EXERCISE:
Print, exactly as they stand, the lines below from the one that has "BMW X6 Notarzt-Fahrzeug" to the one that has "Hot Sales Men's", inclusive, leaving out the pictures.
--- GIVEN RECORDS ---
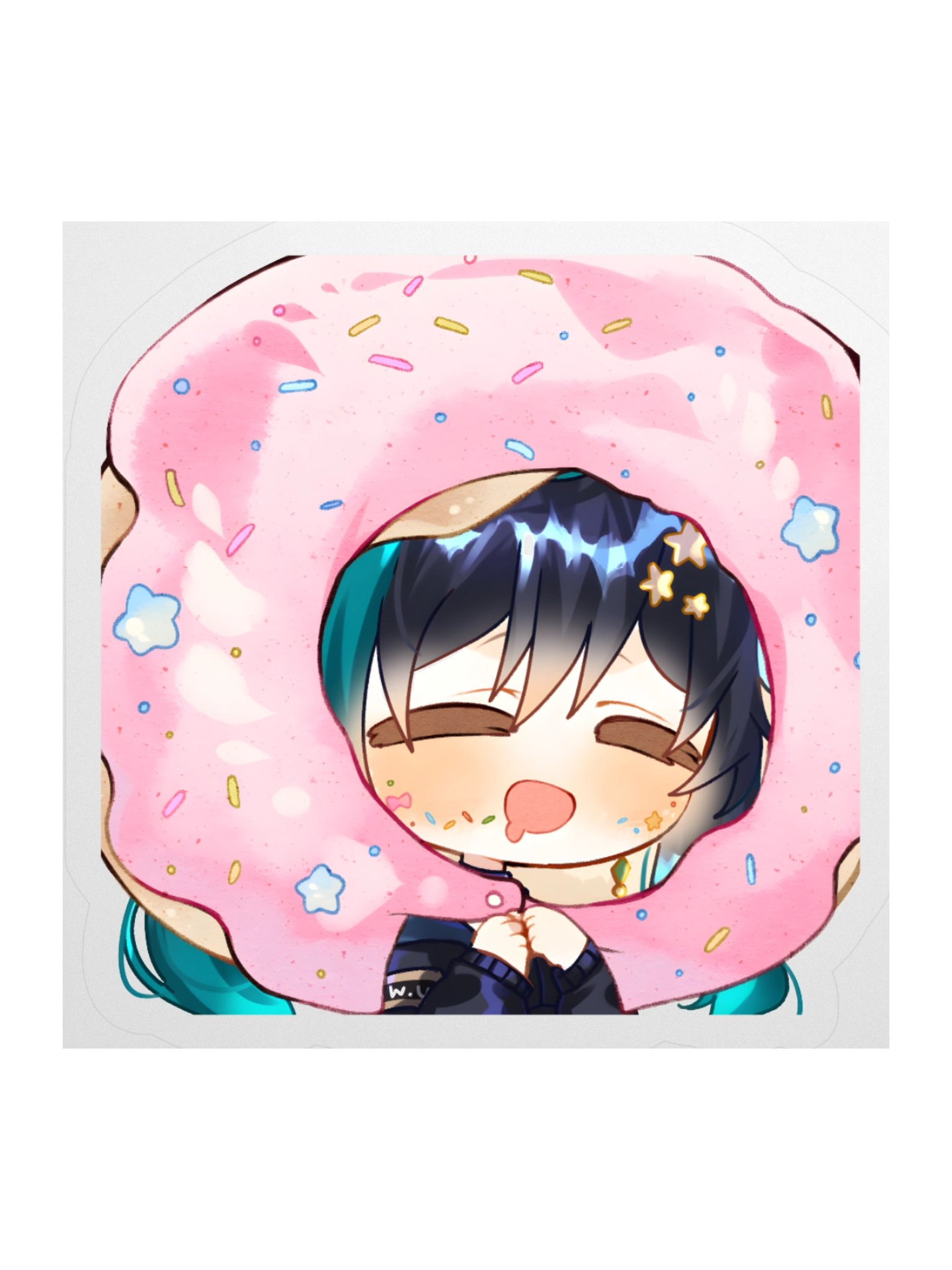 Donut Lover Sticker product image (1)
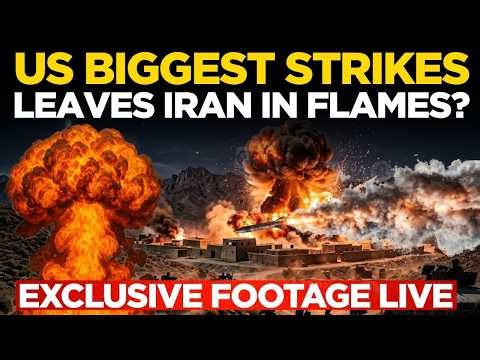 IRAN-US War LIVE: US Biggest Strike On Iran | Huge Explosion Caught on Camera! | Iran In shock!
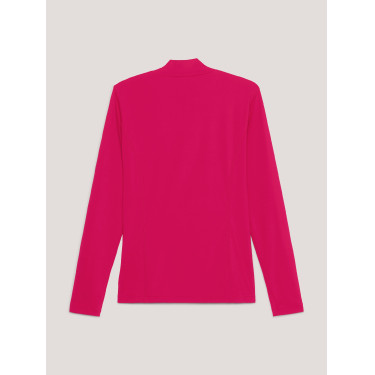 Base Layer Tommy Hilfiger Equestrian a maniche lunghe con collo per donna Ciliegia Base Layer Tommy Hilfiger Equestrian a maniche lunghe con collo per donna Ciliegia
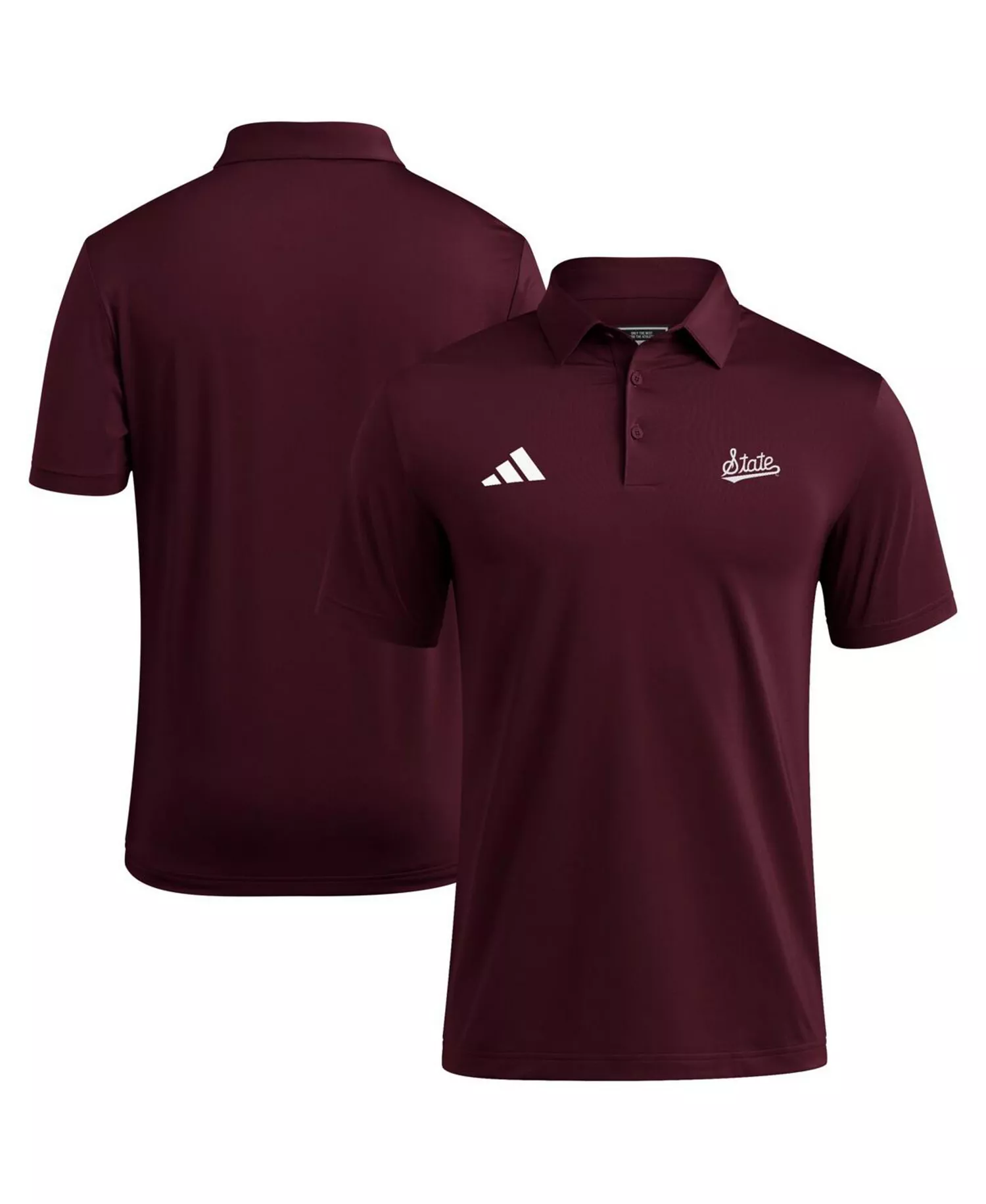 Men's Maroon Mississippi State Bulldogs Ultimate 365 Polo Shirt - Maroon - 2XL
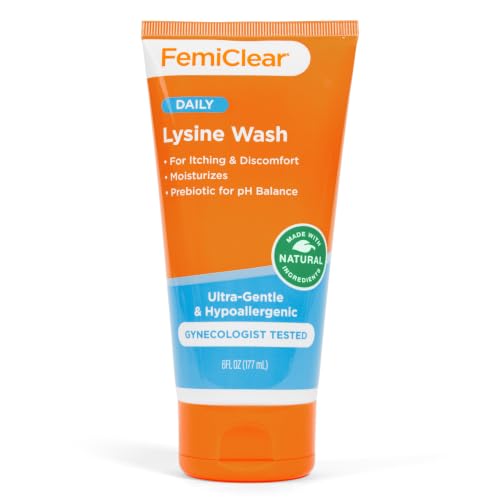 FemiClear Daily Lysine Feminine Wash, Ultra-Gentle Cleansing, 6 fl oz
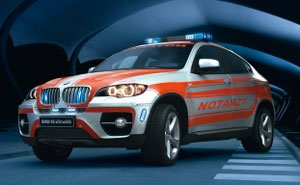 BMW X6 Notarzt-Fahrzeug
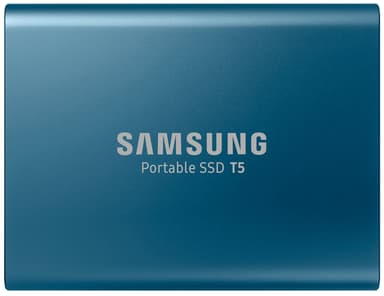 Samsung T5 bærbar SSD 250 GB (blå)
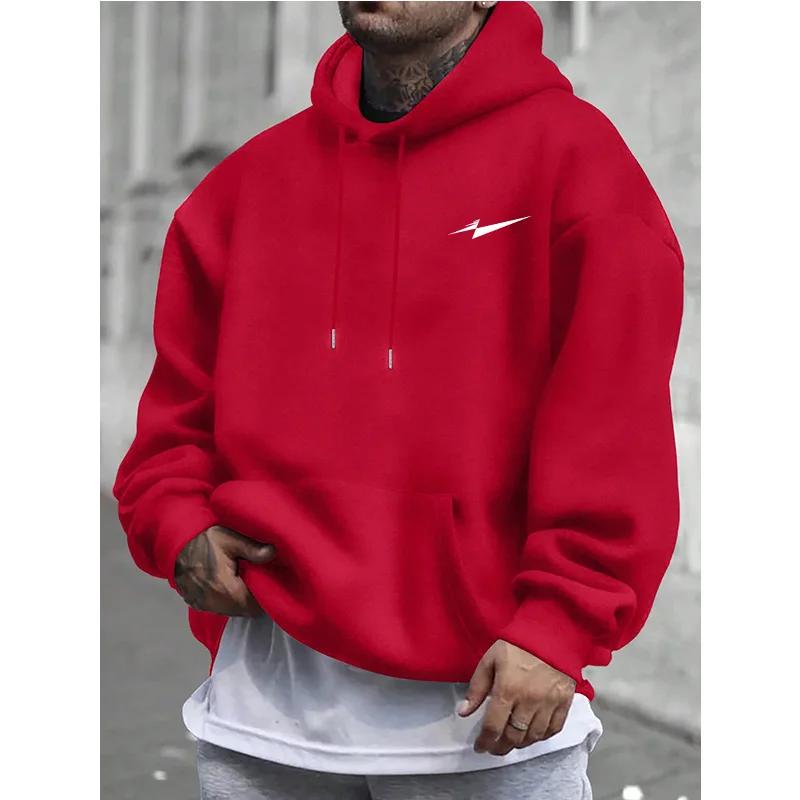 Hot Sales Men's Sweatshirts Print High Quality Long Sleeves Casual Man Popular Top Sports Clothing Pullover Jogging Daily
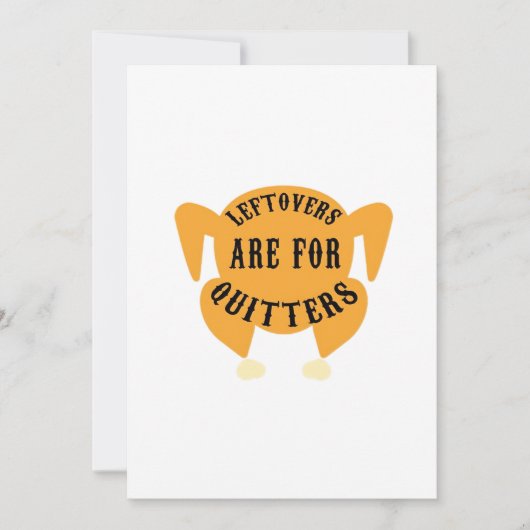 Thanksgiving Citaat Essentieel - Resterende Voedse Feestdagenkaart (Voorkant)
---
WRITTEN SOLUTION:
 BMW X6 Notarzt-Fahrzeug
 Samsung T5 bærbar SSD 250 GB (blå)
 Hot Sales Men's Sweatshirts Print High Quality Long Sleeves Casual Man Popular Top Sports Clothing Pullover Jogging Daily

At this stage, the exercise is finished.